But some donors for President Obama’s reelection bid expressed frustration on Monday, saying that the campaign needed to be more competitive.

“I keep telling people we need to step it up a bit,” said one longtime Obama donor. “Now’s the time. Not two months from now.

“We’re still winning in the overall game, but we can’t be complacent,” the donor added. “We need to keep throwing in more money.”



The Romney campaign raised $101.3 million in July, topping the Obama campaign’s $75 million haul. It marked the second straight month that the GOP standard-bearer had passed the $100 million mark.


The July efforts leave the Romney campaign in strong shape with three months left until Election Day. The campaign, Republican National Committee and state party groups have $185.9 million cash on hand, according to a statement touting the war chest.

“Once again we see that for many people, this is more than a campaign, it is a cause,” said Spencer Zwick, the Romney Victory National Finance chairman. “We are well on track to raise the money to be successful in November.”

In a series of messages on Twitter Monday, the Obama campaign highlighted strengths on its end. More than 200,000 people who gave in July were “entirely new donors who didn’t give before in this election cycle or in 2008,” a tweet on Obama’s Twitter account said.

“Every bit helps,” another tweet on the president’s feed said. “98% of our contributions in July were $250 or less, for an average donation of $53.49.”

Don Peebles, a member of Obama’s finance committee, said he feels good about the president’s numbers.

“He’s making a strong showing with a very large pool of donors,” Peebles said. “Those are very significant numbers, and if Romney is outraising Obama the past couple of months, it’s not enough time to catch up."

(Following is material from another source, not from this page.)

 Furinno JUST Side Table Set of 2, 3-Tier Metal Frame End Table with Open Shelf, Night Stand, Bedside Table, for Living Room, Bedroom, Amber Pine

Campaign finance experts say that Monday’s numbers are further indication that the president's campaign team should be worried about its fundraising operation — and might need to start making tough choices about when and how to spend.

“Everything we hear from the president's camp is they're unhappy and perhaps surprised in their fundraising operation,” said Michael Malbin, the executive director of the Campaign Finance Institute. “It took awhile for the Romney fundraising surge to happen, but when it happened, it happened strongly.”

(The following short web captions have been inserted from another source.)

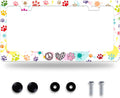 Dog Cat Paw License Plate Frame Colorful Paws License Plate Stainless Steel Funny License Plate Holder for Men Women Universal Animals Car Accessories Decoration 12.3" x 6.3"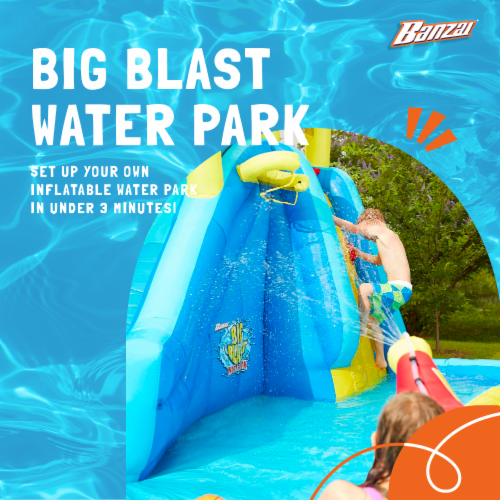 Banzai inflatable big blast cannon splash slide lagoon pool outdoor water best sale park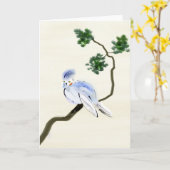 Weinig van de Vogel sumi-e- Wenskaart Kaart (Gele Bloem)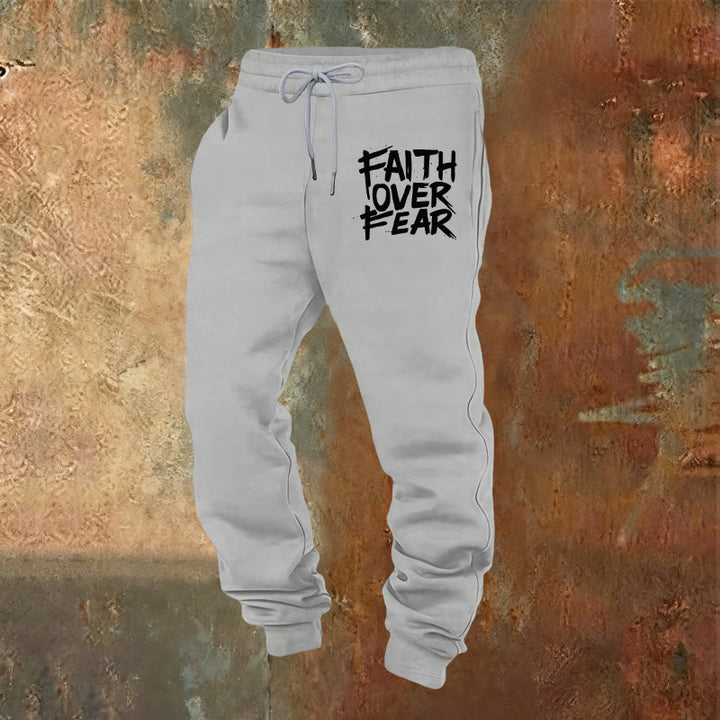 Christianartworkshop Faith Over Fear Sweatpants: Daily Wear with Spiritual Courage - Light Grey - 2XL - image 16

That money, says Tad Devine, a senior adviser to the Gore and Kerry campaigns, will make a real difference down the stretch.

“The fact that Romney and his side are raising so much money is a real advantage for him in the campaign,” said Devine. “The group in the middle, which is small but will be decisive, will be influenced by the spending of the campaigns on advertisements, and it's incumbent on both campaigns to stay online and not cede any of the venues.”

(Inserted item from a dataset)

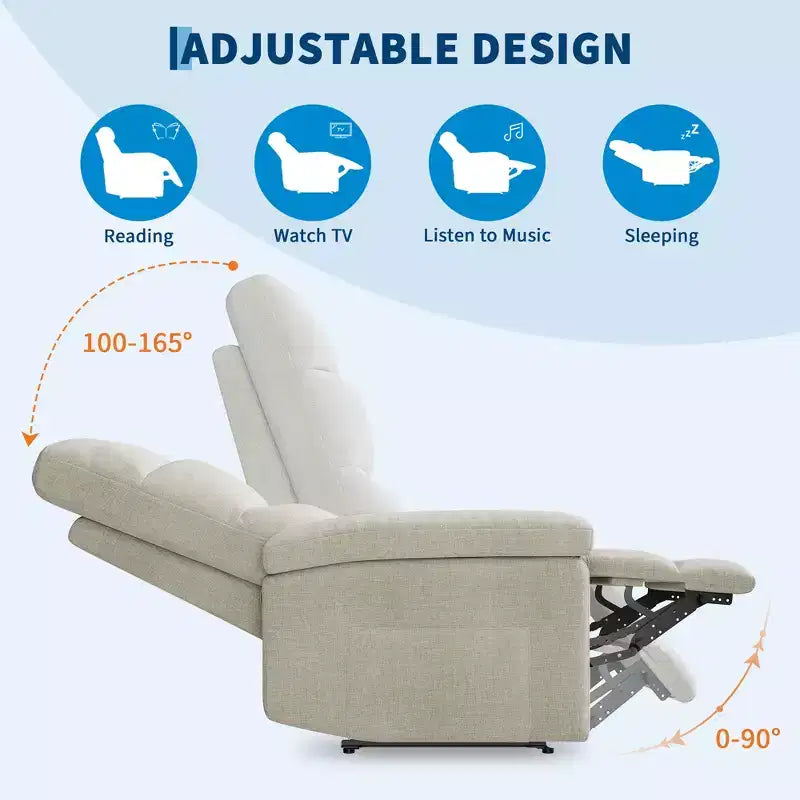 Manual Recliner Chair for Adults, Adjustable Reclining Chair with Back Support, Ergonomic, for Living Room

Still, there are some encouraging signs for the Obama campaign. While July marked the third consecutive month the president was outpaced by his challenger, there's not evidence that Romney is pulling ahead to a decisive advantage, as Obama did over John McCain in 2008.

“Overall, Romney is going to be in a much better position than McCain, who was massively outspent,” Devine said. “But I don't think he's going to have the same advantage that the president had over McCain. I don't mean to diminish it — I think it's a real advantage — but he's not bringing in three or four times as much money.”

And at a certain point, general advertising and general television and radio spending shows diminishing returns — which is where the president's vaunted ground game can come into play.

“There's a definite diminishing-return effect from mass advertising,” said Malbin. “At some point voters will have heard enough, they'll have taken in the information they need, they'll be filtering future information in ways that have already been established.”

Furthermore, the president continues to outpace Romney in terms of small-dollar donors who are most likely to volunteer for the campaign, encourage friends to vote and give again as the race heats up.

“There are going to be a lot of big moments when something happens on the campaign trail, and those moments create huge opportunities for a flood of money to come into the campaign,” Devine said.

An ongoing fear for the Obama campaign is the lack of super-PAC money on its side.

“It's the one constant source of frustration,” said one Democrat who is working with outside groups to help reelect Obama. “We're watching the other side rack up nine figures and we need more money on our side to drive the narrative in ads in swing states.”